Johnny Depp’s new artificial-intelligence thriller “Transcendence” has arrived in theaters with terrible reviews, bad box-office buzz, and a good deal of expectation that the movie will become Depp’s third straight big-budget flop.

It’s been nearly three years since a Depp movie made at least $100 million domestically. Since then, he’s starred in “The Rum Diary” ($45 million budget; $13 million domestic gross), and, more infamously, “Dark Shadows” ($150 million budget; $80 million domestic gross), and “The Lone Ranger” ($215 million budget; $89 million domestic gross).

In Thursday-night previews, the $100 million “Transcendence” took in less than $1 million. By Sunday, it’s projected to hit — maybe — $20 million. Anything under that number, BoxOfficeMojo’s Ray Subers tweeted this week, would be “disastrous.”

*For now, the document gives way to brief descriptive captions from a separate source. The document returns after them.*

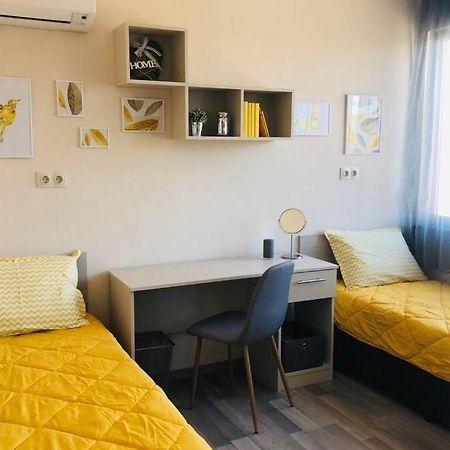 וארנה Lovely 3-Bedroom Apartment For 7 Ppl At The Centre מראה חיצוני תמונה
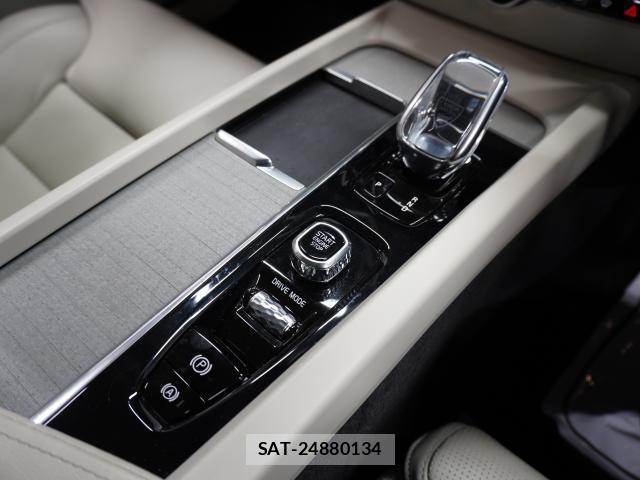 Volvo V60 2021-04 8055228-5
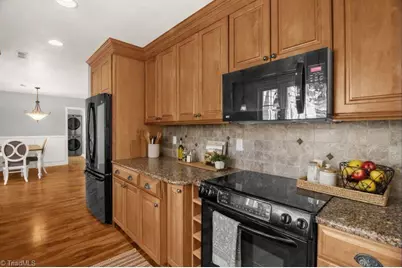 438 Valleymeade Drive, Kernersville, NC 27284 - Photo 17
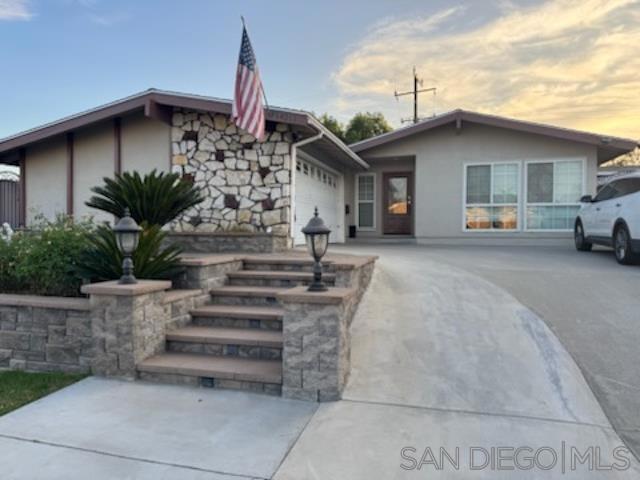 14211 Elmbrook Drive, La Mirada CA: https://media.crmls.org/mediaz/ebc09b77-a2a7-466b-a311-0ed34e931039.jpg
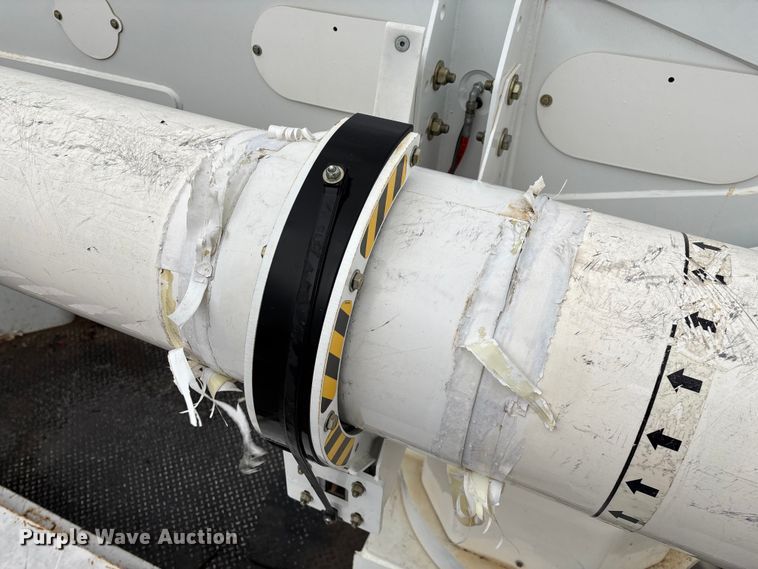 image for item ED2286 2009 International 4300 bucket truck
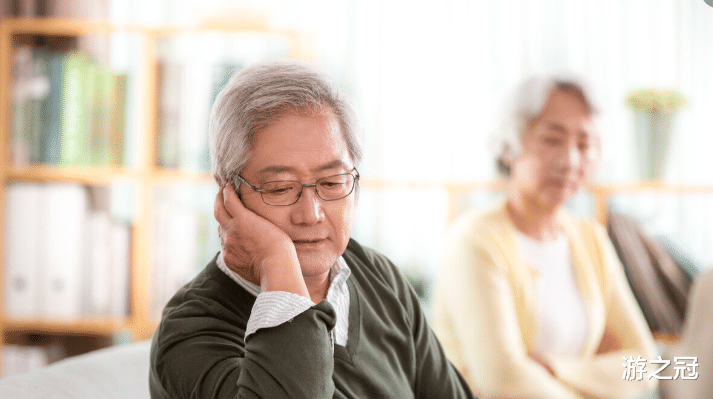 游之冠 64岁老人：每月退休金7千补贴儿子一家，去亲家过年我愣了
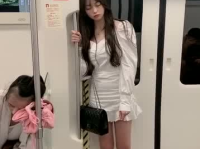 地铁小姐姐吃薯条视频,地铁美食新风尚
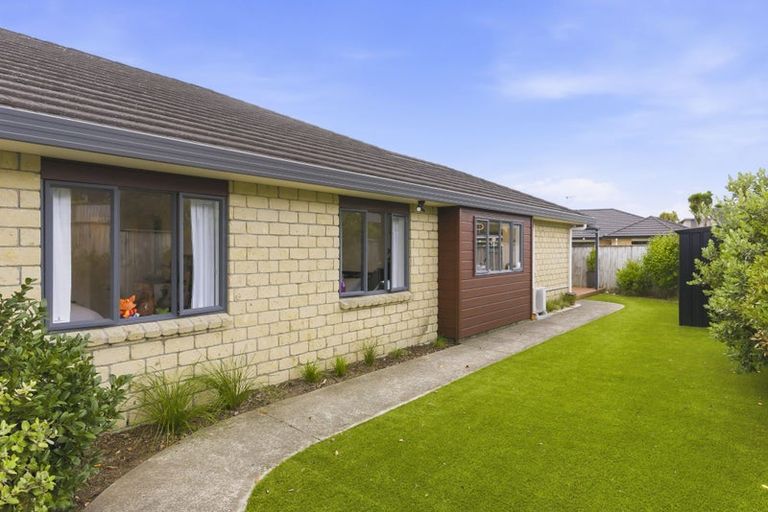 Photo of property in 90 Regent Drive, Paraparaumu Beach, Paraparaumu, 5032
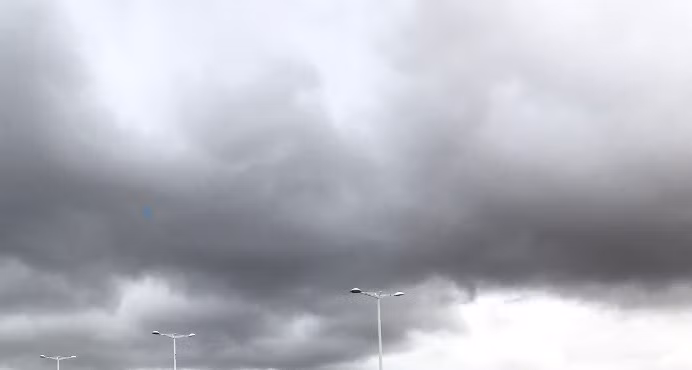 Dự báo khu vực Hà Nội nhiều mây, có mưa vừa, mưa to và dông. (Ảnh minh họa: Đ.T)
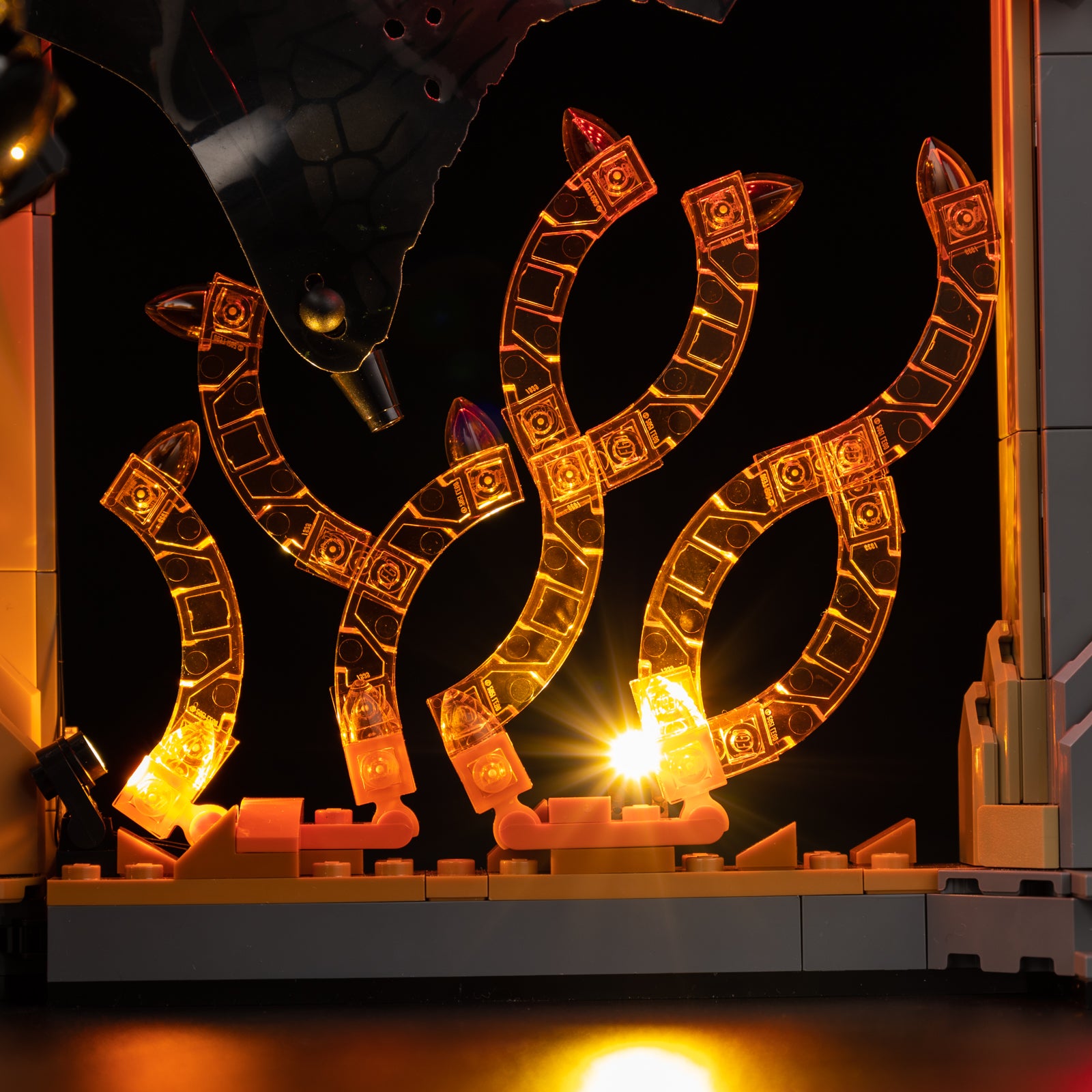 10367-The-Lord-of-the-Rings-Balrog-Book-Nook-Detail Light4.jpg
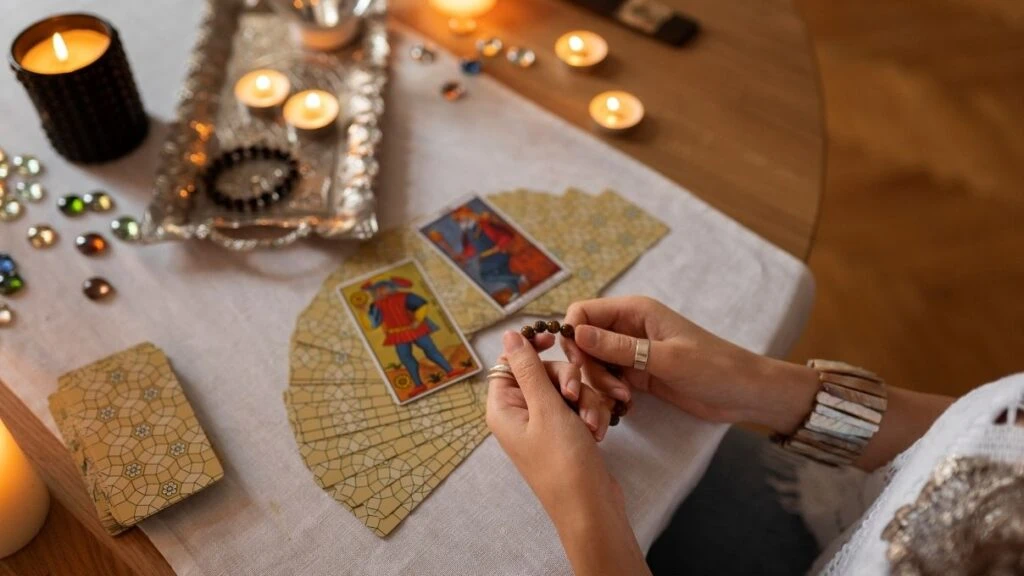 Günlük tarot kart açılımı 16 Aralık 2025! Kariyer ve beceriler dikkat çekecek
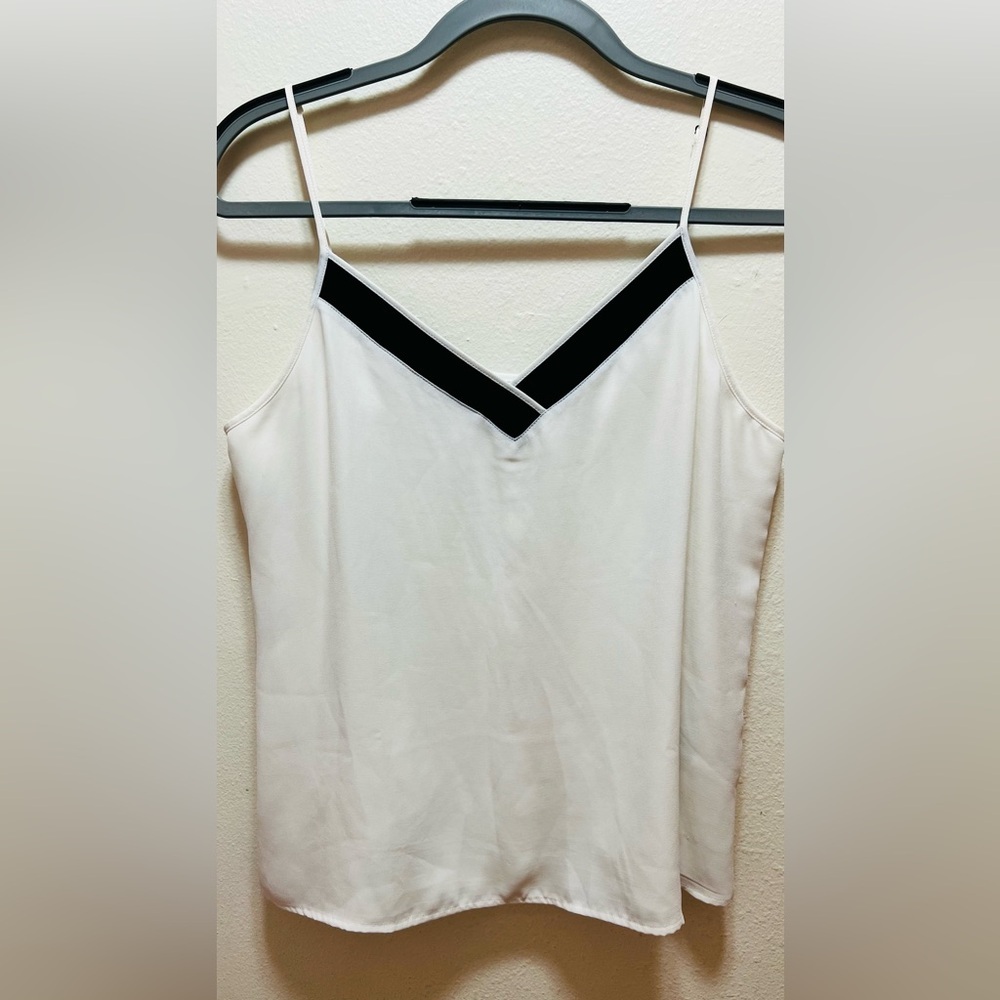 Banana Republic White and Black Blouse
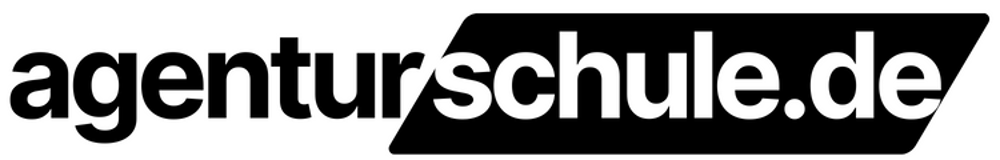 Kopf eines schwarzen Raben im Low-Poly-Stil, nach rechts blickend, vor einem weißen Kreis.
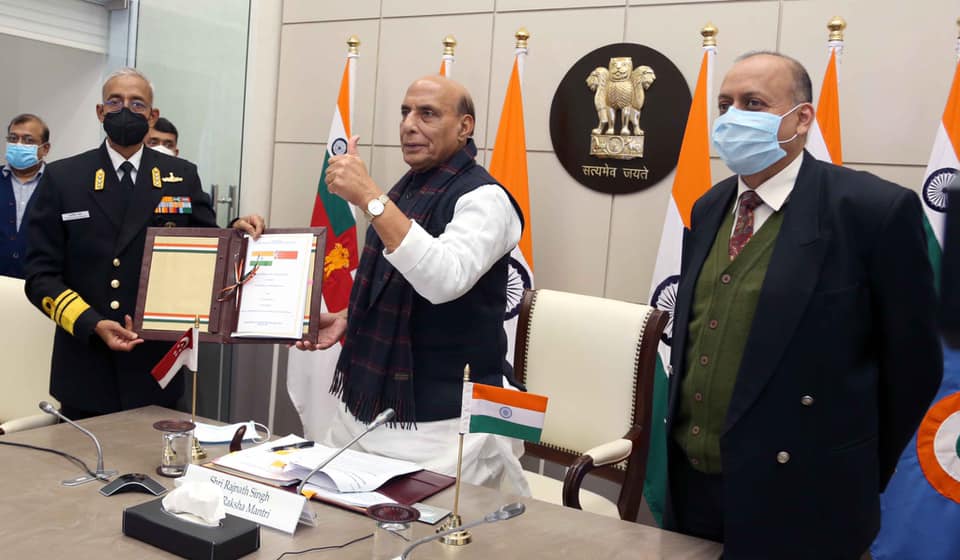  India's Minister of Defence Rajnath Singh (centre) co-chairing the 5th India-Singapore Defence Ministers’ Dialogue (DMD) with Singapore's Minister for Defence Dr Ng Eng Hen over video conferencing. Photo Courtesy:Ministry of Defence India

Disastrous for the movie, that is, but not for Depp.

Public relations exec Ronn Torossian, CEO of the New York-based 5W Public Relations, said he doesn’t see Depp wanting to, or needing to, rebrand.

"Seemingly critics are much harsher on Johnny Depp than the public — he’s been one of the most financially successful actors in America for many years," Torossian said via email. "Depp strikes me as someone very comfortable in his skin who isn’t likely to change at all."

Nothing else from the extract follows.